Civil society organisations in Kyrgyzstan have the right to operate without creating a legal entity and the law imposes no costs for registration. In 2015, a law was proposed that would ban unregistered CSOs but it was later thrown out. Inspired by a similar law passed in Russia, the Kyrgyz parliament also recently considered a Foreign Agents Law to restrict foreign funding of NGOs. The law would have identified any CSO receiving foreign grants as “foreign agents” and would also impose heavy reporting requirements on NGOs. The Bill was thrown out in its final reading after CSOs heavily lobbied Parliament and government.
The authorities sometimes harass human rights defenders, especially those speaking out on violations against Uzbek people and lawyers. LGBTI people and groups representing them are not free and face much discrimination. In April 2015, the offices of LGBTI group Labrys were bombed. Violent nationalist groups such as Kalys are well-known for the use of inflammatory language against LGBTI organisations. In March 2015, two human rights lawyers sued the intelligence authority, the State Committee on National Security, after their homes were searched and confidential material seized. The court ruled that the search was illegal. In 2013 and 2014, other civil society activists also complained of government surveillance.
The Law on Peaceful Assembly guarantees the right to gather in public to demonstrate, but in practice, this right is violated by the authorities.
The Law on Peaceful Assembly guarantees the right to gather in public to demonstrate, but in practice, this right is violated by the authorities. Tight restrictions on freedom of assembly remain in place since the era of Kyrgyzstan’s former president Bakiyev who left office in 2010, however, those restrictions are not fully enforced today. Protests are allowed to take place with regularity, even though the police are known to arrest protestors and interfere with their activities. In 2014, for example, the government’s decision to join a customs union with Russia, Belarus, and Kazakhstan sparked an outcry from pro-democracy CSOs who organised rallies, petitions and public debates. The government responded by arresting participants of peaceful flash mobs and rallies and clamping down on the organisations behind the campaign. The orchestration of counter-protests to dilute legitimate causes is increasingly a problem in Kyrgyzstan. Strikes are prohibited in many sectors of the economy, though workers’ right to organise generally exists.
Kyrgyzstan has a diverse media and in 2014, digital broadcasting was introduced, leading to better access to media for rural populations.
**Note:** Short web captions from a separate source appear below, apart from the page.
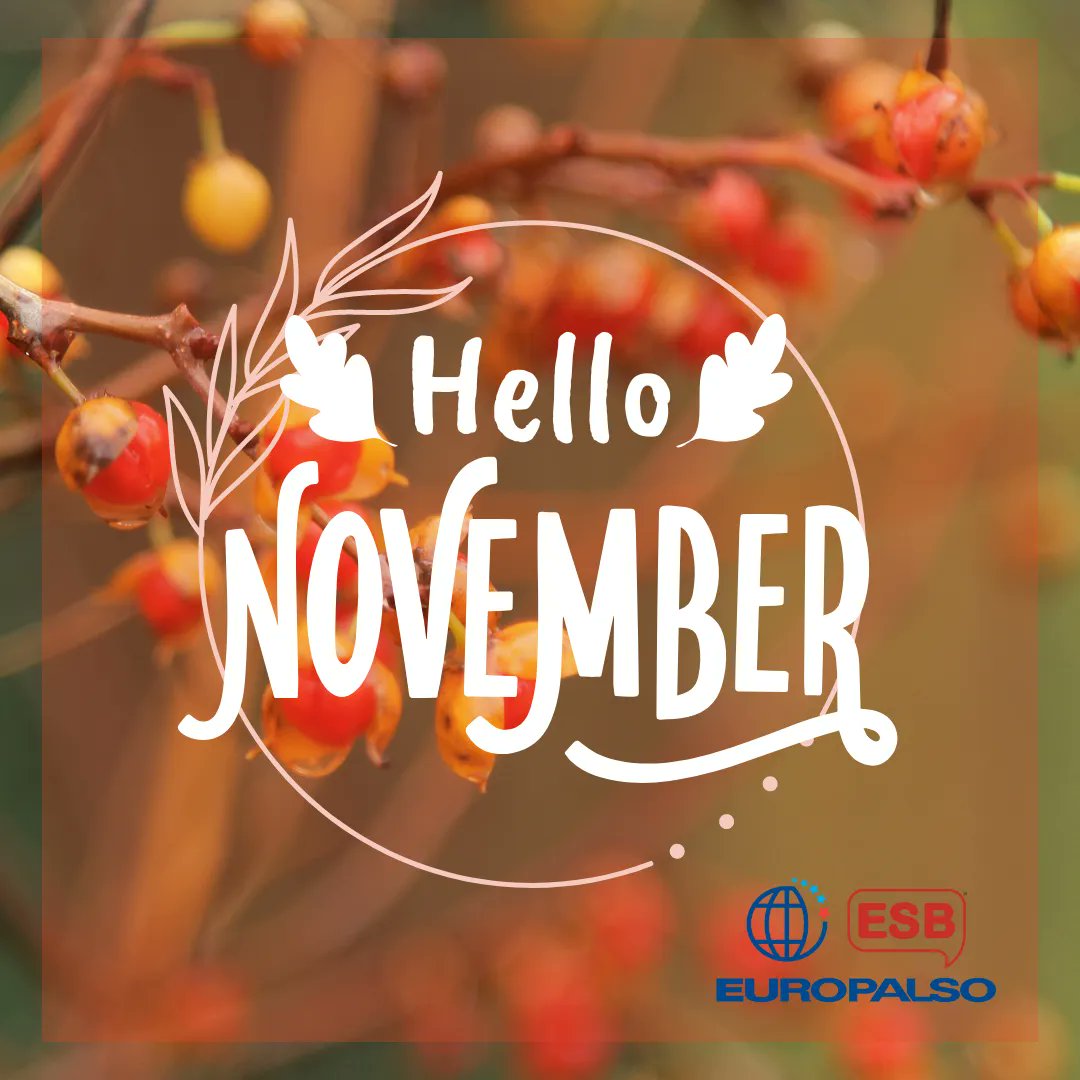 europalso's tweet photo. https://t.co/ViNS8KPwXw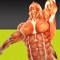 With ease, you can quickly and independently learn the 20 major muscle tests for the human torso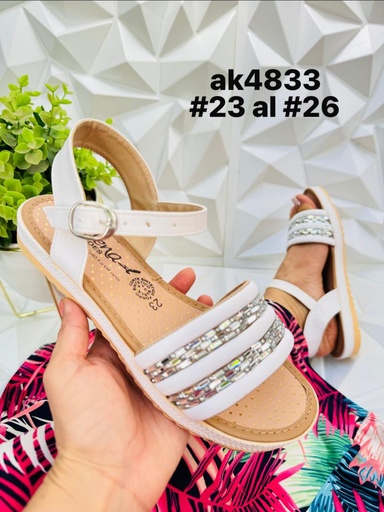 AK4833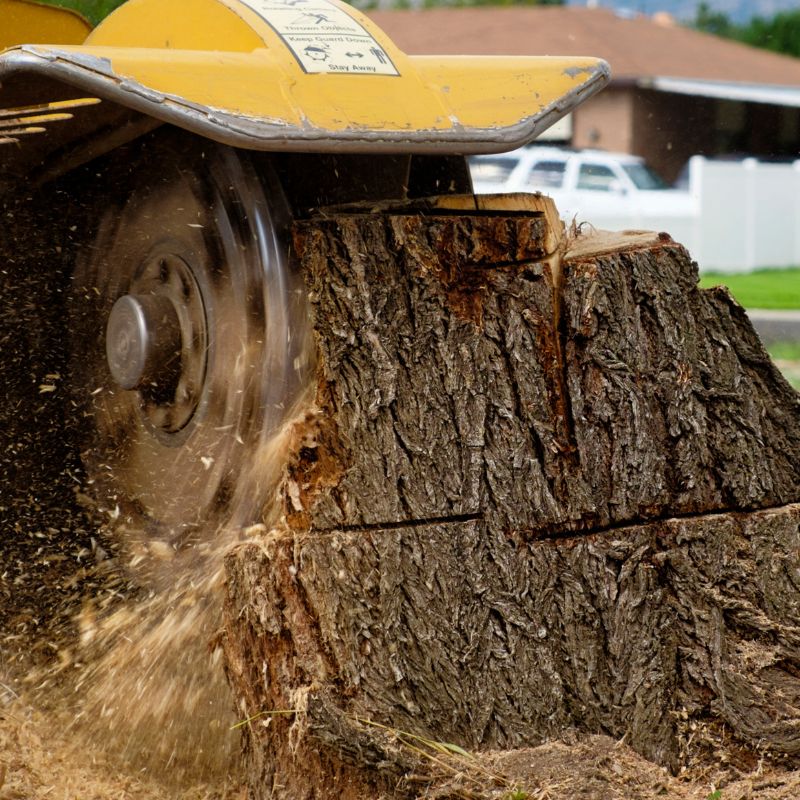 Lefke Tree Experts stump grinder removing a tree stump.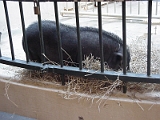 Potbelly Pig 1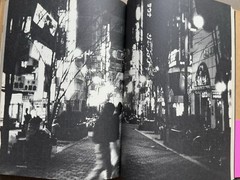 🎈Sup RARE Daido Moriyama Inu no Kioku, Shusho Memories of a Dog Final Chapter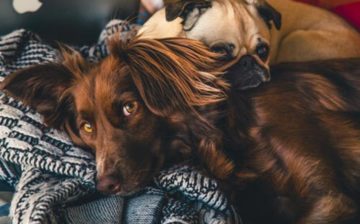 two dogs laying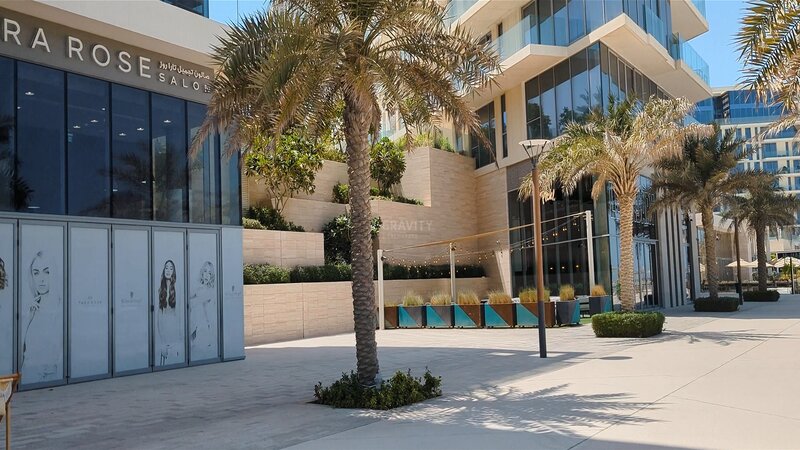 palm trees along curbside establishment in Saadiyat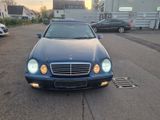 Mercedes-Benz CLK 230 KOMPRESSOR ELEGANCE - Mercedes-Benz CLK 230 aus 1999: Kompressor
Kyrgyzstan has a diverse media and in 2014, digital broadcasting was introduced, leading to better access to media for rural populations. Despite this vibrant scene, journalists face interference in their work and are sometimes imprisoned. Since 2010, human rights defender and journalist Azimjon Askarov has been serving a life sentence following trumped-up charges of inciting violence and alleged complicity in the murder of a policeman. Askarov is well-known for his work documenting human rights violations and allegations of torture he made against the state authorities were never investigated. He applied for a retrial in 2016 but was unsuccessful. Government officials are also known to prevent media from accessing information. American journalist Umar Farooq was arrested on allegations that he possessed “extremist” materials and he was then deported for working without a licence. A journalist was awarded financial damages in June 2015 after the prosecutor general had sued him for defamation on behalf of the President. Uzbek-language media face persecution and almost ceased to exist after ethnic violence in 2010. The internet is unrestricted.